**Extracted information**
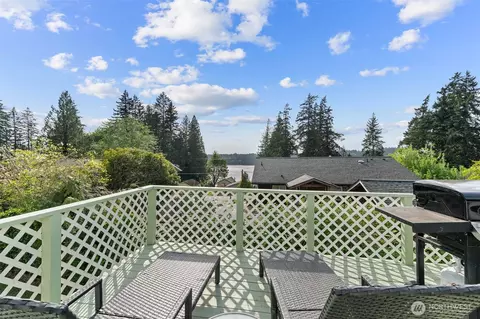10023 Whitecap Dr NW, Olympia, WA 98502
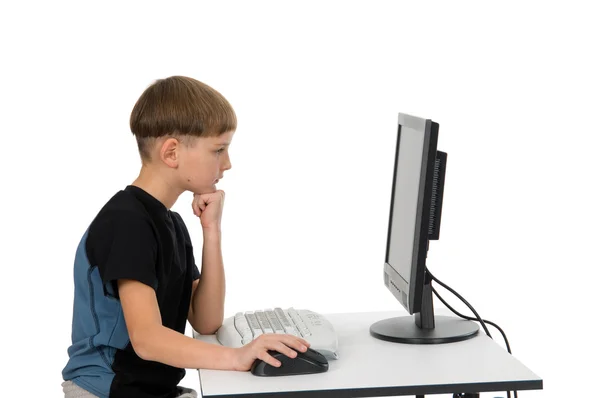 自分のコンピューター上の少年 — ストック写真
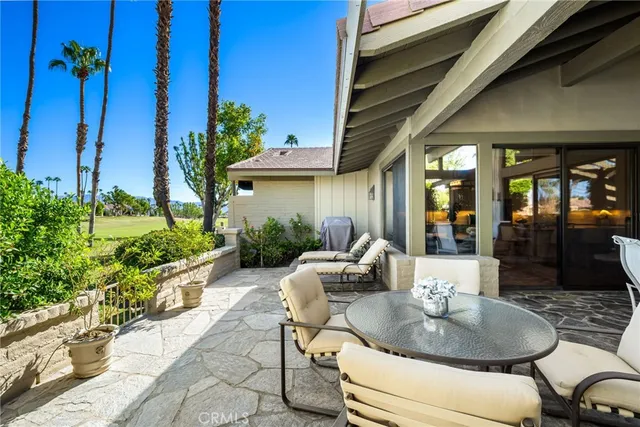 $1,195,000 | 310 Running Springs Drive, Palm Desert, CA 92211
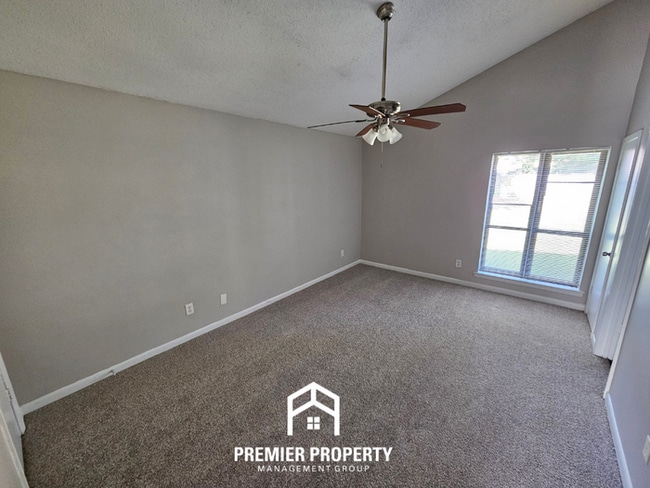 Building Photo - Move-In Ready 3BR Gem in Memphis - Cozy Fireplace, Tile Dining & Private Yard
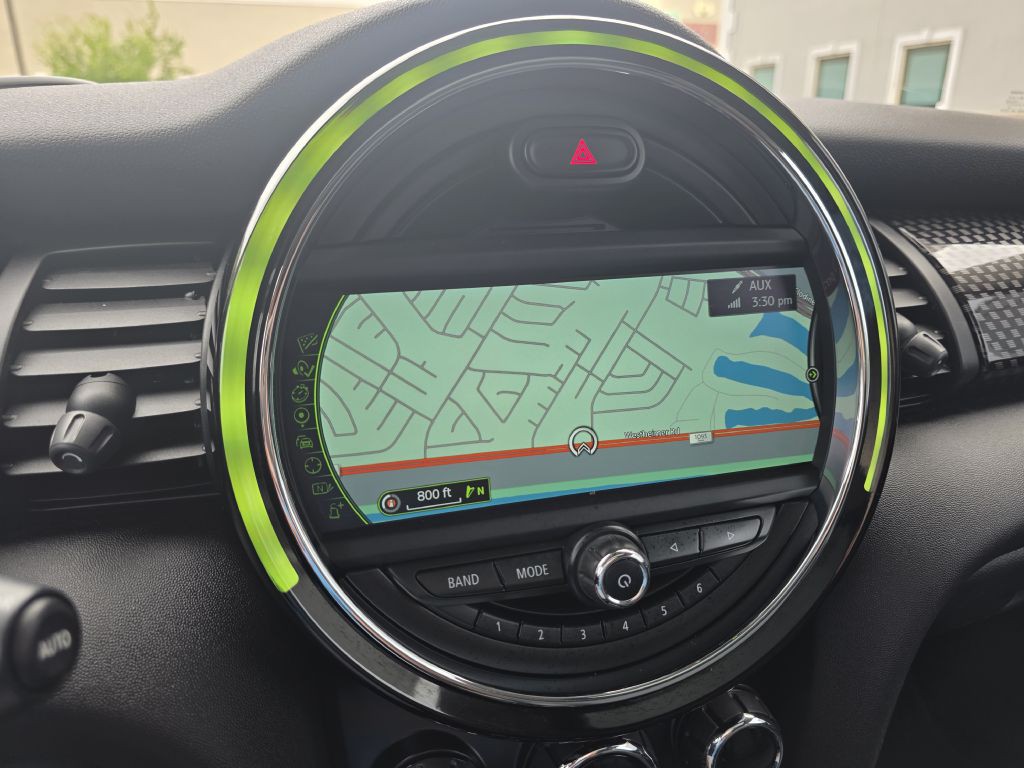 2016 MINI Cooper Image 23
==
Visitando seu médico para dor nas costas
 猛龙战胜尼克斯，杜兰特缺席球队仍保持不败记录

**Work instructions**
In the listing above, find the line holding "Desert, CA 92211" and the line holding "2016 MINI Cooper Image 23". Reproduce those two lines and all between them exactly, leaving out pictures.

**Written answer**
 $1,195,000 | 310 Running Springs Drive, Palm Desert, CA 92211
 Building Photo - Move-In Ready 3BR Gem in Memphis - Cozy Fireplace, Tile Dining & Private Yard
 2016 MINI Cooper Image 23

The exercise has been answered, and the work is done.